А кстати, почему Князев тогда НЕ ЗВОНИЛ и что он РЕШИЛ? Соня умирала от любви и обиды, а он решал. Что, что он решал, что?
Ну, сначала он думал, что лучше все это не начинать, потому что понятно же – Питер, муж, сын, зачем себе усложнять жизнь? Потом думал, что не стоит ей усложнять жизнь. Потом думал, что подождет несколько дней и посмотрит, выдержит ли он. Потом было интересно – сколько выдержит. Ну и тогда уже позвонил.
Все это было Соне немного непонятно, но все равно прекрасно. Это было дополнительно прекрасно, что они разные.
– А как ты думаешь, любовь с первого взгляда возможна? Скажи мне как врач.
– Только с первого взгляда и возможна. Потому что любовь – это просто химия.
– Да-а? – привстав на локте, разочарованно сказала Соня. – И у нас с тобой химия?
– Ты, Сонечка, взгляни на себя в зеркало – туманный взгляд и э-э… другие признаки переизбытка амфетаминов. А что у нас с нервными окончаниями? – Алексей потянул ее обратно к себе и слегка ущипнул. – Да-а… я так и думал. Ок-ситоцин повышен. Из-за этого и возникает стр-расть…

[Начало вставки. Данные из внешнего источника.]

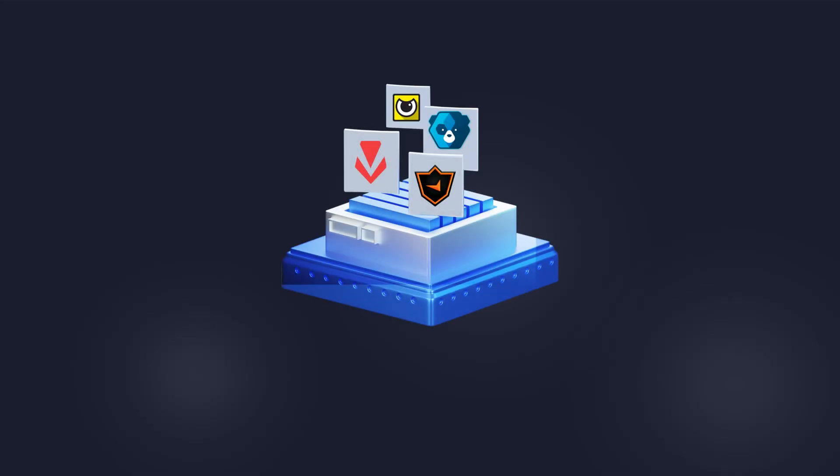You can purchase firmware for any game on our website dmacheats.com. At the moment the firmware for Faceit is not available yet but we are actively working on it.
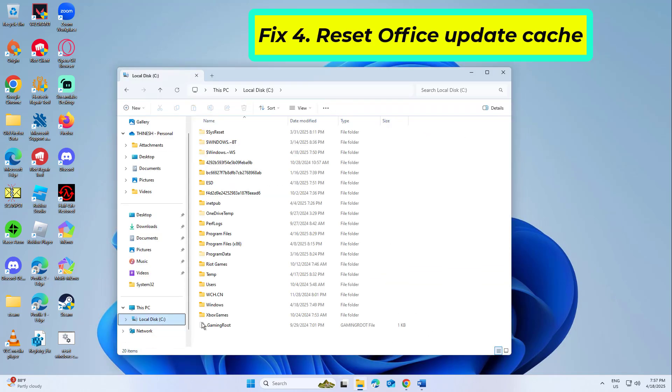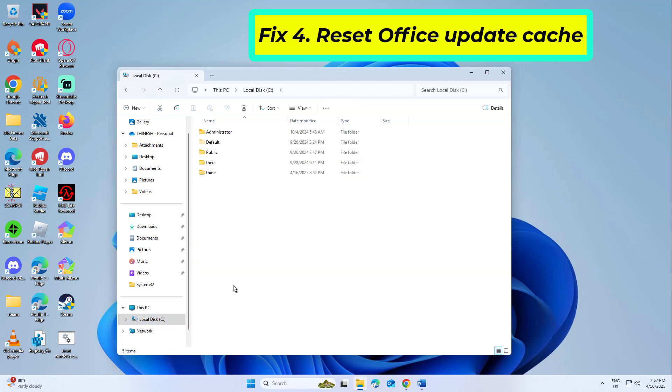A cluttered update cache may hinder the procedure. Here's how you can clear it. Open your username folder.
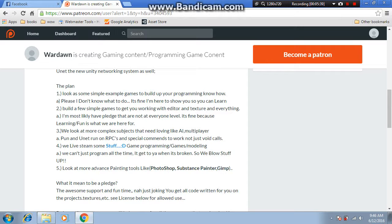The last thing — and this is a very detailed subject — is advanced painting, which is exactly what it sounds like. There are various ways to do that, through UV mapping which we'll go over in the modeling series, and tools like Substance Painter and GIMP, which is free, so you guys can probably start out with that before moving on to more advanced things.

– Ах, так. Амфетамины. Окситоцин. Ты вообще смотришь на меня профессиональным взглядом! Как будто хочешь мне что-нибудь улучшить!
– Дурочка. Я на тебя смотрю… в общем, совсем другим взглядом, – смущаясь, сказал Князев и важно добавил: – Мужчины спят не с телом, а с душой.

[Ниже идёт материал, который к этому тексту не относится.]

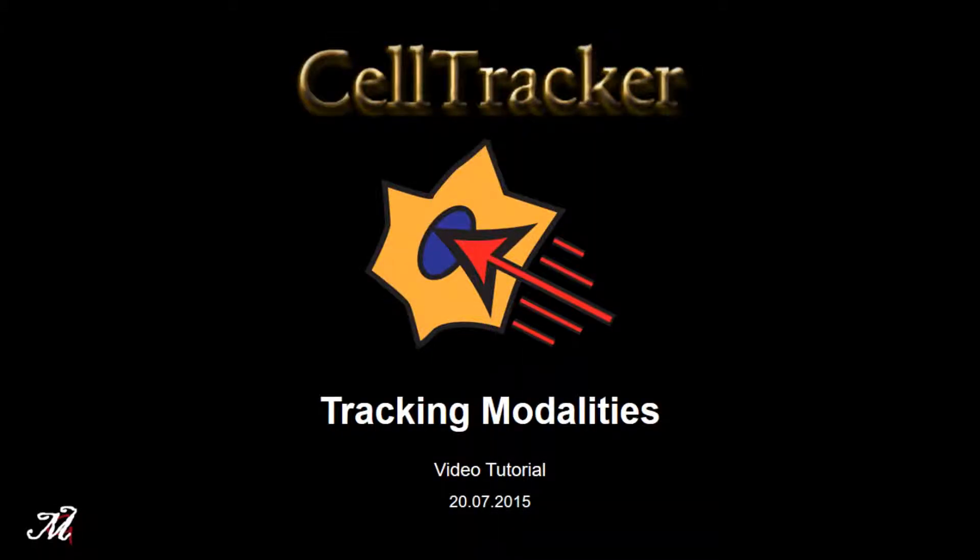Welcome! In this video tutorial, I will briefly show you the different tracking modalities implemented in CellTracker. Please, before running CellTracker, read the help documentation file provided with the software.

– Да ну? С душой? С чего ты это взял?
– Слышал где-то. Хотел блеснуть, виноват.
– Это придумали женщины, у которых плохо с телом. А ты повторяешь с важным видом. Со всем вместе мужчины спят, и с душой, и с телом.
– Хорошо. Я сплю с твоим телом, а души у тебя вовсе нет. Так правильно?
– Сейчас ка-ак дам!..
– Дай.
И еще была одна тема, излюбленная тема начала любви, и они пока ее не исчерпали, – что у кого было ДО. Очень важная тема, потому что суть ее была в том, чтобы рассказать: НИЧЕГО НЕ БЫЛО ДО, ледниковый период, и вообще – только ТЫ, а про всех остальных и говорить-то смешно…

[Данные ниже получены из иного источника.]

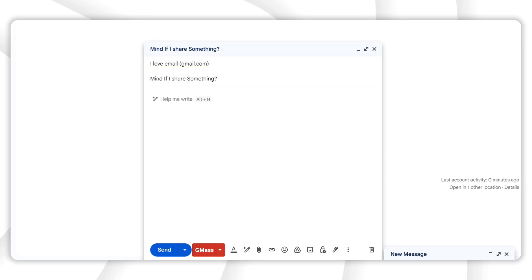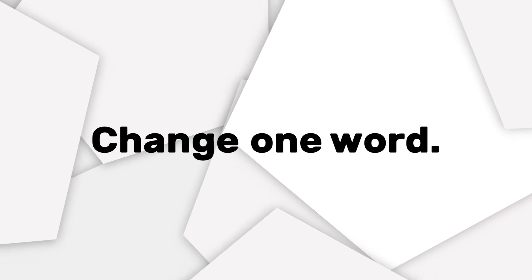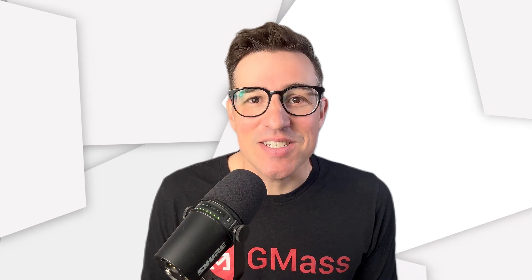This video goes out to everyone who's ever wasted precious moments of your life doing this. I'm Sam from GMass, and I'm going to show you how to send hundreds, maybe even thousands, of personalized emails without having to do the whole copy, paste, change one word cycle over and over — and I'm going to do it in under 60 seconds. Let's go.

– Тебе какие женщины нравятся? Нет, правда, – у каждого человека есть свой стереотип…
– Насчет стереотипа это точно. Мой стереотип – лопоухие с кривыми носами. Те, кому показана ринопластика, ото-пластика, эндолимфатический лифтинг… А ты была когда-нибудь сильно влюблена?
– Сильно? – деловито уточнила Соня. – Сколько себя помню, всегда была влюблена. Я женщина исключительно сильных страстей.
Она мысленно перечислила все свои любови – длинный список в детстве и что-то ничего нет в юности… Она и правда потом уже никогда не была влюблена, как будто вся любовь, отпущенная на ее долю, уже закончилась на этих детских страстях. Хотя всепоглощающую любовь Соня все-таки испытала – к только что родившемуся Антоше. Когда принесла Антошу домой из роддома, не спала ночами, прислушивалась к дыханию сына. Рядом спал Головин, такой по сравнению с неслышно дышавшим младенцем огромный и такой ненужный. Потом это почти прошло.
– А тебе какие мужчины нравятся? Красавчики, мачо?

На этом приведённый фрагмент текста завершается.